Vic then watches in horror as Ronnie Gardocki, his last remaining friend, is placed under arrest. Gardocki is informed that Vic took the deal with ICE and confessed to everything the Strike Team did as part of his immunity deal, leaving Ronnie to take the fall for all of it and be sent to prison. Enraged and devastated that Vic lied to him and sold him out, Ronnie screams profanity at Vic as the former is handcuffed and led away. Vic explains that he thought Corrine was in trouble and did not think he had a choice. As his former colleagues eye him with frigid loathing, Wyms dismisses Vic. Vic leaves the precinct for the last time in disgrace.

====Epilogue====
Frightened by what actions Vic may take for her attempts to send him to prison, Vic's ex-wife Corinne pleads with Wyms for protection from him. In response, they approach ICE Agent Olivia Murray and advise her that taking Vic's children away was the best means of hurting him. Corinne and the children disappear into the Witness Protection Program.

In the aftermath, Vic begs for the opportunity to say goodbye to his children. Unmoved, Agent Murray responds, "You said goodbye to them the moment you shot another cop in the face."

Realizing that the deal includes no stipulations about the capacity in which ICE must employ Vic, Murray vows to make his three years at the agency as unpleasant as possible by severely curtailing his duties. Vic is assigned to a desk job, forbidden to carry a weapon while on duty, and required to write a 10-page duty report every day and submit to weekly drug testing. She makes it clear to Vic that even the smallest violation of these condition will result in his immunity being revoked and certain prison time. Sitting in a cubicle and isolated from his family and former colleagues, Vic decorates his desk with pictures of his children, and a photo of himself drinking beer with Lemansky. He does not add any pictures of Shane, Ronnie, or Corinne.

Hearing police sirens one night while doing paperwork, Mackey looks out the office window. Returning to his desk, Vic's eyes fill with tears as he stares at the photographs of his children. He becomes visibly angry, retrieves his weapon, holsters it under his shirt, and walks off into the night.

===Relationships===

====Relationship with Shane====
Mackey's relationship with Detective Shane Vendrell has been described as the "centrepiece of The Shield". Shane was Vic's best friend since before the creation of the Strike Team. The season two prequel episode 'Co-Pilot' shows that they were partners before the events of season one. The strength of their friendship is evident in season one, in how Vic initially only keeps Shane informed of some of his darker schemes, leaving Lem and Ronnie out. However, their relationship eventually becomes strained when Shane enters into a serious relationship with Mara, who is very demanding of his time.

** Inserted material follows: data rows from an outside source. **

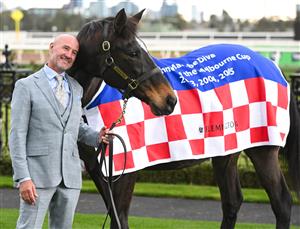 MELBOURNE, AUSTRALIA - SEPTEMBER 13: Three time Melbourne Cup winners Glen Boss and champion mare Makybe Diva pose in the mounting yard before Race 8, the Crown Makybe Diva Stakes during Melbourne Racing at Flemington Racecourse on September 13, 2025 in Melbourne, Australia. (Photo by Vince Caligiuri/Getty Images)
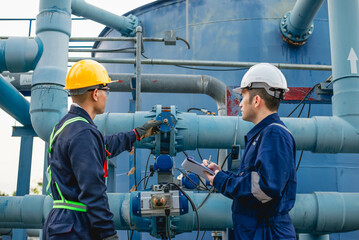 Plumbing engineers are hard at work inspecting the operation of a water system in an industrial...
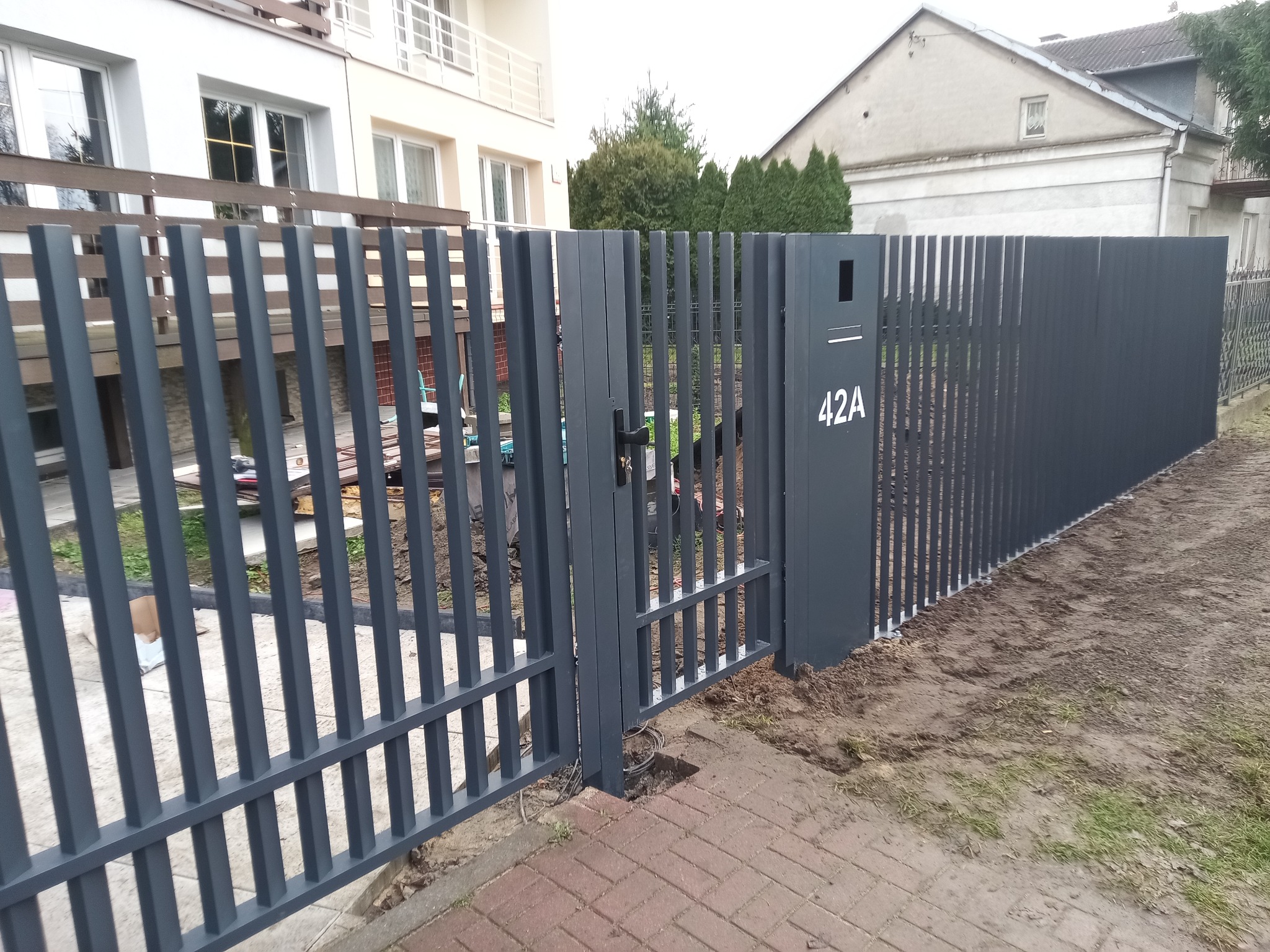 Nowoczesna, grafitowa brama z furtką i skrzynką na listy z numerem 42A. Pionowe, płaskie profile tworzą minimalistyczny design. Widok z zewnątrz posesji.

After Lemansky burns the money train cash, Vic is unable to resolve the subsequent animosity between Lemansky and Shane. Indeed, he finds himself embroiled in it when Shane accuses Vic of taking other people's side against him when they are supposed to be best friends. Vic calls Mara a bitch who has got Shane so twisted that he cannot think straight anymore. The two fall out, and the strike team is disbanded.

During season 4 Shane and Vic reconcile after Shane gets involved with the drug lord and gang leader Antwon Mitchell, who kills a young girl using Shane's gun. Blackmailing Shane, he offers to hand her body over to him in return for the body of Vic Mackey. Shane contacts Vic to meet him alone. After convincing Vic of his innocence in the girl's murder, the two men work together again, along with Ronnie and Lem, to save Shane's career and put Antwon behind bars. Following this, the Strike Team is reformed.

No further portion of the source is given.